Now let's compare the maps from the Faces > Hands contrast in the three models.

Close all the windows in BrainVoyager.

Select File/Open MNI VMR.

Select Analysis/Overlay Volume Maps… and load Face_Greater_Hand.vmp

 
Figure 8-7. We have created maps for the contrast of Faces > Hands for each of the three model types.

Figure 8-7. We have created maps for the contrast of Faces > Hands for each of the three model types.

 

Use the dialog box in Figure 8-7 to alternate between the three maps by placing a + sign to the left of the map you want to view.

Question 13: Which map has the least activation at the same threshold. Why?

Question 14: These data were spatially smoothed with an 8-mm Gaussian kernel. Why is spatial smoothing important for group analyses?

Individual ROIs and the Problem of Intersubject Variability

With the MNI VMR open, select Analysis/Overlay Volume Maps and load Face_Greater_Hand_Individual.vmp .

If you want to see the expected location of LOTChand or FFA, you can examine the foci from Neurosynth.

Select Analysis/Region-of-Interest Analysis and load neurosynth_radius_7mm.voi . Select the region you want and click Show VOI . This will centre the crosshairs at the expected location. If you want to remove the coloring, click Hide VOI .

In the Overlay Maps dialog box, toggle between individual maps for the Faces > Hands contrast. Each individual's map has been thresholded using FDR correction.

Another way to examine intersubject consistency is to make a map of how many participants have overlapping activation (after thresholding) for each voxel.

With the MNI VMR open, select Analysis/Overlay Volume Maps , and load Probability_Maps.vmp . This map shows the percentage of participants that had overlapping activation at any point.

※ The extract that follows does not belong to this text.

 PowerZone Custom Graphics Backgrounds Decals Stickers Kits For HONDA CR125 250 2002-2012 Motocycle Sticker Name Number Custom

Try adjusting the percentages in the Threshold panel of the Overlap maps dialog. Note that percentages here are in whole numbers not decimals (e.g., 20% = 20 not 0.2).

Question 15: How well do participants' data overlap at the expected locations of LOTChand and FFA?

Voxelwise vs Region-of-Interest Approaches

For our main course experiment, we wanted to know whether brain areas selective for faces or hands were tuned to direction of the gaze or the index finger. For example, one hypothesis might be that LOTChand would show more activation for hands directed forward than sideways. Let's consider different ways we could test this specific hypothesis.

Question 16: How could we answer this question with a voxelwise analysis? What are the major pros and cons of this approach?

Question 17: If we localized LOTChand from the main experiment data using a contrast of Hands > Faces and then tested differences between all 6 conditions, which of the following would be independent and which would be non-independent?

  1. Main effect of stimulus
  2. Main effect of orientation
  3. Interaction between stimulus and orientation

Question 18: How could the localizer data be used to identify LOTChand. Suggest two ways and the pros and cons of each.

Question 19: Suggest one way we could we do a region-of-interest approach for LOTChand without needing to collect localizer data.